→ Source data:

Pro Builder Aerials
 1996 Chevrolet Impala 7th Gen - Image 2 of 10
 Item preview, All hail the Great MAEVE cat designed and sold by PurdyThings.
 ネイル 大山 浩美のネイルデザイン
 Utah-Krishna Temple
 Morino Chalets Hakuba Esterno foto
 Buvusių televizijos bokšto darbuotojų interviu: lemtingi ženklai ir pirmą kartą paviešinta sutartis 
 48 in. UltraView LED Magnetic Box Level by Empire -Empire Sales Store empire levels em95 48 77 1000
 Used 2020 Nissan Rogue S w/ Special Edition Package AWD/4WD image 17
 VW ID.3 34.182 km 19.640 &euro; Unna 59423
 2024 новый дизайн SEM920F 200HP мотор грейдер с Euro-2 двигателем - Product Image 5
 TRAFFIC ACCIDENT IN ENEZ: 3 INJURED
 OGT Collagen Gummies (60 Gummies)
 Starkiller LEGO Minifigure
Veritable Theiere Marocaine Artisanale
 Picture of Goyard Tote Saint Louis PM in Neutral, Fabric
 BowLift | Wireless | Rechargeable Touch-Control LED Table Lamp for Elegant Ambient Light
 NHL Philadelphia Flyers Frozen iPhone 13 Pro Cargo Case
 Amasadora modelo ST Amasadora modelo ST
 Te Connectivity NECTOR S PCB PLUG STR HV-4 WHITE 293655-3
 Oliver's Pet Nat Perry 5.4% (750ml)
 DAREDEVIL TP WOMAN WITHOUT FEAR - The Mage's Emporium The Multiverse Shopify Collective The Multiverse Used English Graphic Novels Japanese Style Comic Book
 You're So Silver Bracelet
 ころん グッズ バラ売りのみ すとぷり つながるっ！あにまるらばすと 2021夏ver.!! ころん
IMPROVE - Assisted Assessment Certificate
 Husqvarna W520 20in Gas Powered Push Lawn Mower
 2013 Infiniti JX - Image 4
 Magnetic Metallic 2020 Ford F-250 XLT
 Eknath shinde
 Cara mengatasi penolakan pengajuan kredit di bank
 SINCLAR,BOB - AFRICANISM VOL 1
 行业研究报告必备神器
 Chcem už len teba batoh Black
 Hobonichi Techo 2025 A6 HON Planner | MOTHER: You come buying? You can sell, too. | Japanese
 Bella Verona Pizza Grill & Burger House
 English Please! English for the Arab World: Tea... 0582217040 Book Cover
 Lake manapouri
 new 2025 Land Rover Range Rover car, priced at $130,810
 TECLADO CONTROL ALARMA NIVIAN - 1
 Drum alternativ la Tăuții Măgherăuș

→ Problem: Would you return all of the material exactly as written?

→ Written response:
Pro Builder Aerials
 1996 Chevrolet Impala 7th Gen - Image 2 of 10
 Item preview, All hail the Great MAEVE cat designed and sold by PurdyThings.
 ネイル 大山 浩美のネイルデザイン
 Utah-Krishna Temple
 Morino Chalets Hakuba Esterno foto
 Buvusių televizijos bokšto darbuotojų interviu: lemtingi ženklai ir pirmą kartą paviešinta sutartis 
 48 in. UltraView LED Magnetic Box Level by Empire -Empire Sales Store empire levels em95 48 77 1000
 Used 2020 Nissan Rogue S w/ Special Edition Package AWD/4WD image 17
 VW ID.3 34.182 km 19.640 &euro; Unna 59423
 2024 новый дизайн SEM920F 200HP мотор грейдер с Euro-2 двигателем - Product Image 5
 TRAFFIC ACCIDENT IN ENEZ: 3 INJURED
 OGT Collagen Gummies (60 Gummies)
 Starkiller LEGO Minifigure
Veritable Theiere Marocaine Artisanale
 Picture of Goyard Tote Saint Louis PM in Neutral, Fabric
 BowLift | Wireless | Rechargeable Touch-Control LED Table Lamp for Elegant Ambient Light
 NHL Philadelphia Flyers Frozen iPhone 13 Pro Cargo Case
 Amasadora modelo ST Amasadora modelo ST
 Te Connectivity NECTOR S PCB PLUG STR HV-4 WHITE 293655-3
 Oliver's Pet Nat Perry 5.4% (750ml)
 DAREDEVIL TP WOMAN WITHOUT FEAR - The Mage's Emporium The Multiverse Shopify Collective The Multiverse Used English Graphic Novels Japanese Style Comic Book
 You're So Silver Bracelet
 ころん グッズ バラ売りのみ すとぷり つながるっ！あにまるらばすと 2021夏ver.!! ころん
IMPROVE - Assisted Assessment Certificate
 Husqvarna W520 20in Gas Powered Push Lawn Mower
 2013 Infiniti JX - Image 4
 Magnetic Metallic 2020 Ford F-250 XLT
 Eknath shinde
 Cara mengatasi penolakan pengajuan kredit di bank
 SINCLAR,BOB - AFRICANISM VOL 1
 行业研究报告必备神器
 Chcem už len teba batoh Black
 Hobonichi Techo 2025 A6 HON Planner | MOTHER: You come buying? You can sell, too. | Japanese
 Bella Verona Pizza Grill & Burger House
 English Please! English for the Arab World: Tea... 0582217040 Book Cover
 Lake manapouri
 new 2025 Land Rover Range Rover car, priced at $130,810
 TECLADO CONTROL ALARMA NIVIAN - 1
 Drum alternativ la Tăuții Măgherăuș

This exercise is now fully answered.